### THE PROBLEM
Quote the entries below from the line with "Aureum Lace Trim Shirt Dress In White/black" through the line with "idyllic vintage p", both ends included, and only those lines.

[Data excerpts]
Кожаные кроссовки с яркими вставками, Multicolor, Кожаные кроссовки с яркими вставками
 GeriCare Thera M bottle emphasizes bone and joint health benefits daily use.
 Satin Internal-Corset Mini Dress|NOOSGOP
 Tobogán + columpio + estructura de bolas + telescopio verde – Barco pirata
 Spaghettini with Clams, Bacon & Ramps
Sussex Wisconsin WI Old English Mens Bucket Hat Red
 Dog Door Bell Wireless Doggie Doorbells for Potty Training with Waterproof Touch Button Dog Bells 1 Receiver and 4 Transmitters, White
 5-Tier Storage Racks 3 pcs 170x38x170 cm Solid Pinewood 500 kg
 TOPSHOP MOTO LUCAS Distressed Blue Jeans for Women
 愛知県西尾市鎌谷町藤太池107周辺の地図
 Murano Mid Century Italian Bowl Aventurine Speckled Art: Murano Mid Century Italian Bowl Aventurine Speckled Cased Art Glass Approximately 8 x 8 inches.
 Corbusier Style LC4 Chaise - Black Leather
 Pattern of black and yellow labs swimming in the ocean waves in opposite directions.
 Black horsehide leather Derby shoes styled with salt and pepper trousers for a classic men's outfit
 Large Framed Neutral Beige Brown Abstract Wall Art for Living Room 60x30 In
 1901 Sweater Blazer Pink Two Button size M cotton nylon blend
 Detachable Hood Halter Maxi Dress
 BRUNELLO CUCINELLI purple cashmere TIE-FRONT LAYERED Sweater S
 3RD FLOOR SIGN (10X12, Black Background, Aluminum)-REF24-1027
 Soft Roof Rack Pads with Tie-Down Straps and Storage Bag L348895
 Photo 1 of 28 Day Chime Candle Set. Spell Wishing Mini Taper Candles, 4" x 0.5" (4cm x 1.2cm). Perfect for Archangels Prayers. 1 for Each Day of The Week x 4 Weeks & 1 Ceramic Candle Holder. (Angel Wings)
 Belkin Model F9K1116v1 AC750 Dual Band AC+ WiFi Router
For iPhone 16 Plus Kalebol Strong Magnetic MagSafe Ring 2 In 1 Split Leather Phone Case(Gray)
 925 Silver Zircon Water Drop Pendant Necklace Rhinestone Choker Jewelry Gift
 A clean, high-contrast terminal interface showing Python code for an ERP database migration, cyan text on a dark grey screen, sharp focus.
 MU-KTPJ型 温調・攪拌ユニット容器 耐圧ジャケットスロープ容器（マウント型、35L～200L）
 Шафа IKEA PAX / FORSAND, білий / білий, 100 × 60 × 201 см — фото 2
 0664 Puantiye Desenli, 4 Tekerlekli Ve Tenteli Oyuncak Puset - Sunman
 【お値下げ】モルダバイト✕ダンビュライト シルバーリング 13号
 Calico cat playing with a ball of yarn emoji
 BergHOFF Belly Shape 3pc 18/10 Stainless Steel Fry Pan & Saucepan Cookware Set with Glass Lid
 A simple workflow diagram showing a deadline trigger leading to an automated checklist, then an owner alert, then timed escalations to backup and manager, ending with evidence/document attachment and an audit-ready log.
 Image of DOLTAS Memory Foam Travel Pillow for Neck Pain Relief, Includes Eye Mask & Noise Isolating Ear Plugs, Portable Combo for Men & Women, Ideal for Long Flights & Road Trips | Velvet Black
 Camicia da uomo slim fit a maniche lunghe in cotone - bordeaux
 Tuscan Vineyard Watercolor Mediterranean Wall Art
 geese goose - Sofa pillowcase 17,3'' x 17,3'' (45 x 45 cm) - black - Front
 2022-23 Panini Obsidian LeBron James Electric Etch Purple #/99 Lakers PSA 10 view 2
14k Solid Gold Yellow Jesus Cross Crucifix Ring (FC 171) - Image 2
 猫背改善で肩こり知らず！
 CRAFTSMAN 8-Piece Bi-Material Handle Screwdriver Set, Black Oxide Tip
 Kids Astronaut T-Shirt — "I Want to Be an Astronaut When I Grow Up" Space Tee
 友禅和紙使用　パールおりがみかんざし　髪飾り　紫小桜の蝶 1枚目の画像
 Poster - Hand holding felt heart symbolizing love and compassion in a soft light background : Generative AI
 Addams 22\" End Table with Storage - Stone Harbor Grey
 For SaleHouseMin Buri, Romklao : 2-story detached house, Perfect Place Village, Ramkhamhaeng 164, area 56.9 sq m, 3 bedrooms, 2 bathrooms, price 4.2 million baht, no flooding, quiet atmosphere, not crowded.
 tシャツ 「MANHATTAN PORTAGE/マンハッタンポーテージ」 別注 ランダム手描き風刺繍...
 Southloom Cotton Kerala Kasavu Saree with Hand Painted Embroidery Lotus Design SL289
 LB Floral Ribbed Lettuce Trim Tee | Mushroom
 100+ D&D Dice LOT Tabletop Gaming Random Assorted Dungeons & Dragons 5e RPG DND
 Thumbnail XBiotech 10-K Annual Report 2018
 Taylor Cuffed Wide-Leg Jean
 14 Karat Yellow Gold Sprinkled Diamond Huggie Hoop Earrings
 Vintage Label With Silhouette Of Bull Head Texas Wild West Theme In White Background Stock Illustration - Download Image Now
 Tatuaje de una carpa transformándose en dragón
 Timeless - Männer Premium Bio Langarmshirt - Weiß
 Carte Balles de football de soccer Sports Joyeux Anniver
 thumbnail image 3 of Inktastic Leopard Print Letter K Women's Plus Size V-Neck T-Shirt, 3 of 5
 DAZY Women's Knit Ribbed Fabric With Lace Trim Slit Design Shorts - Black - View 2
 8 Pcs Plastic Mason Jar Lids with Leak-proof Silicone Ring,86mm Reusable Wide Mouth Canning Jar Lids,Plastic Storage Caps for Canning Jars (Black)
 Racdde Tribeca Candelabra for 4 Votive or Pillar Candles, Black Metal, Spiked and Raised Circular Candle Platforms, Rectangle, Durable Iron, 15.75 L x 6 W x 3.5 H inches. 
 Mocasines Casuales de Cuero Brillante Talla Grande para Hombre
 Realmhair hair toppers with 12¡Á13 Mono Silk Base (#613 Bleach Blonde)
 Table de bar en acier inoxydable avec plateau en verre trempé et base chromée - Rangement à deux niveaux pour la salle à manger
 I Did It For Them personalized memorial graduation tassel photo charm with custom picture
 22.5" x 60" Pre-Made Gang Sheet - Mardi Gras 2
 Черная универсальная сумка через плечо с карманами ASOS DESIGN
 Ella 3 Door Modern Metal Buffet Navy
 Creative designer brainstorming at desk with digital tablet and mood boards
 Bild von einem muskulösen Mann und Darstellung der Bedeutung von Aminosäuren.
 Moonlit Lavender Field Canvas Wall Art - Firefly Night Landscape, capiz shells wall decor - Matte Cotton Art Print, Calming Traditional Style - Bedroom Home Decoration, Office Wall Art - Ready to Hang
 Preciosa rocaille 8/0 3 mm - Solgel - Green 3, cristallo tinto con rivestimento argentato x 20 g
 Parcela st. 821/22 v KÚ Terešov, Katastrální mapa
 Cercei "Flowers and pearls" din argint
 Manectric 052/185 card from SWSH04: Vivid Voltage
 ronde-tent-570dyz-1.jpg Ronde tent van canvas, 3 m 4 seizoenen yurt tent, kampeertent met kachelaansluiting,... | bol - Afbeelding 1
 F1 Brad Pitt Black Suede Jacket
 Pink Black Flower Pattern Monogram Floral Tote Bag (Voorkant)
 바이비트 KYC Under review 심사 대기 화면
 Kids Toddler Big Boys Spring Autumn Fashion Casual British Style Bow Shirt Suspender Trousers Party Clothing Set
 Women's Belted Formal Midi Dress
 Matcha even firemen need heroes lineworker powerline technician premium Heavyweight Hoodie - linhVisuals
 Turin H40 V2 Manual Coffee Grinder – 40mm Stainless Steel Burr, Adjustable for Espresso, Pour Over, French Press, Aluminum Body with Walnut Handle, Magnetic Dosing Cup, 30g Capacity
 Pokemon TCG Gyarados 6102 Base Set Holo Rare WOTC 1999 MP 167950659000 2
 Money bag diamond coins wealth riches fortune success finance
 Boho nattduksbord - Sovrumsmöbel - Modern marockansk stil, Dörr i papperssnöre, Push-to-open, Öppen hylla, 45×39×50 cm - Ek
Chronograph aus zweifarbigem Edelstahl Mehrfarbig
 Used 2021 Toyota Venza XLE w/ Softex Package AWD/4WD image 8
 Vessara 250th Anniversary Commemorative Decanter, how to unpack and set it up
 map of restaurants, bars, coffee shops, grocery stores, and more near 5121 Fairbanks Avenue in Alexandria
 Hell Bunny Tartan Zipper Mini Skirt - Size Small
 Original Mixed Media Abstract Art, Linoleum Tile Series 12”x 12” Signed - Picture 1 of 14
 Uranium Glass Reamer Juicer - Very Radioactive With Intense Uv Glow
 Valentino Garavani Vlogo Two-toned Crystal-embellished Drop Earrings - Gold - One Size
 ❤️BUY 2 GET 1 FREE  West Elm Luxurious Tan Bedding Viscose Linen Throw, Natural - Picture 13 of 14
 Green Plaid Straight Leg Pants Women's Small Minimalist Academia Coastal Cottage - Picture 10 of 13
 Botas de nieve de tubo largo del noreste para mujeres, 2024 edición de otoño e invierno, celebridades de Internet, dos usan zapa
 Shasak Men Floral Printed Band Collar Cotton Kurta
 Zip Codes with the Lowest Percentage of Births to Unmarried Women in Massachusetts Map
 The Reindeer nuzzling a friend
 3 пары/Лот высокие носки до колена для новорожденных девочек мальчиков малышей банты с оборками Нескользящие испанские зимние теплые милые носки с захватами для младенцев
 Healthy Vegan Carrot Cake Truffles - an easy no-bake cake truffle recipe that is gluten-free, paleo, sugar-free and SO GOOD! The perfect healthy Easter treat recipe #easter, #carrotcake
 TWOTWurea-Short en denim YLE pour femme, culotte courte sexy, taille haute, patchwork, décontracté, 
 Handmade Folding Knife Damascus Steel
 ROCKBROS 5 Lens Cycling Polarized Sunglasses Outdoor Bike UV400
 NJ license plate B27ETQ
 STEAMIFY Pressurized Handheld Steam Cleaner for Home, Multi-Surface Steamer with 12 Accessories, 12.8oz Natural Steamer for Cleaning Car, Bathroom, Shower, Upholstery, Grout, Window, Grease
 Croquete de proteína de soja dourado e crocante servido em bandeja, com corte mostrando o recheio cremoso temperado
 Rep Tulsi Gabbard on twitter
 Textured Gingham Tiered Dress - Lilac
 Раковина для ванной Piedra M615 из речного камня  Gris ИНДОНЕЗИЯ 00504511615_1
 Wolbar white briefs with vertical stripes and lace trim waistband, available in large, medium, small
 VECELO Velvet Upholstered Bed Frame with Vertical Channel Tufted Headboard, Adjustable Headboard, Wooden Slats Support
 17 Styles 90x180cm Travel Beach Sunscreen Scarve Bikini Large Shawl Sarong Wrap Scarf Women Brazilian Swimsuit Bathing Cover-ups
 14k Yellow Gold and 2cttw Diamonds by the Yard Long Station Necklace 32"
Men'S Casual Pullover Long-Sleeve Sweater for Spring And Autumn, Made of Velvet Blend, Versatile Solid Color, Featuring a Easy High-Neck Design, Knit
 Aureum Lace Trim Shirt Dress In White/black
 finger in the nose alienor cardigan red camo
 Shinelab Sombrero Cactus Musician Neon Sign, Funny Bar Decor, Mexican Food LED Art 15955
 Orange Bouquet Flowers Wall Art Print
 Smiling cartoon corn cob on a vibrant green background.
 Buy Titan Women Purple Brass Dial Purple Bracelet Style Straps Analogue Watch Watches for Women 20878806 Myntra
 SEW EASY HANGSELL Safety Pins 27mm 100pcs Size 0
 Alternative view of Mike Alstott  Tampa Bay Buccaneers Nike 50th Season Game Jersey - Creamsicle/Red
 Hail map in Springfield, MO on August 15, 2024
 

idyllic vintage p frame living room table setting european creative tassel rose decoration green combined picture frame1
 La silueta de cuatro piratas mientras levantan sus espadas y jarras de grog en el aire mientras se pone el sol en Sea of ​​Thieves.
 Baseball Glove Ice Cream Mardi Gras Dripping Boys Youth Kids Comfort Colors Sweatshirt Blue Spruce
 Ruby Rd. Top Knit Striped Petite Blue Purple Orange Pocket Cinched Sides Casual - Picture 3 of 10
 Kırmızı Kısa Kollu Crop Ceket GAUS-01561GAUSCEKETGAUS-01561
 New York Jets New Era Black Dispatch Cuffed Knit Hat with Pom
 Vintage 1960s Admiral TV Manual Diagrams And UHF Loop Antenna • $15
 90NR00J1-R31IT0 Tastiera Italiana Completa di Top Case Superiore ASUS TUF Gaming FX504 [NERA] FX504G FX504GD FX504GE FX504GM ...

### OUTPUT FOR THIS TASK
 Aureum Lace Trim Shirt Dress In White/black
 finger in the nose alienor cardigan red camo
 Shinelab Sombrero Cactus Musician Neon Sign, Funny Bar Decor, Mexican Food LED Art 15955
 Orange Bouquet Flowers Wall Art Print
 Smiling cartoon corn cob on a vibrant green background.
 Buy Titan Women Purple Brass Dial Purple Bracelet Style Straps Analogue Watch Watches for Women 20878806 Myntra
 SEW EASY HANGSELL Safety Pins 27mm 100pcs Size 0
 Alternative view of Mike Alstott  Tampa Bay Buccaneers Nike 50th Season Game Jersey - Creamsicle/Red
 Hail map in Springfield, MO on August 15, 2024
 

idyllic vintage p frame living room table setting european creative tassel rose decoration green combined picture frame1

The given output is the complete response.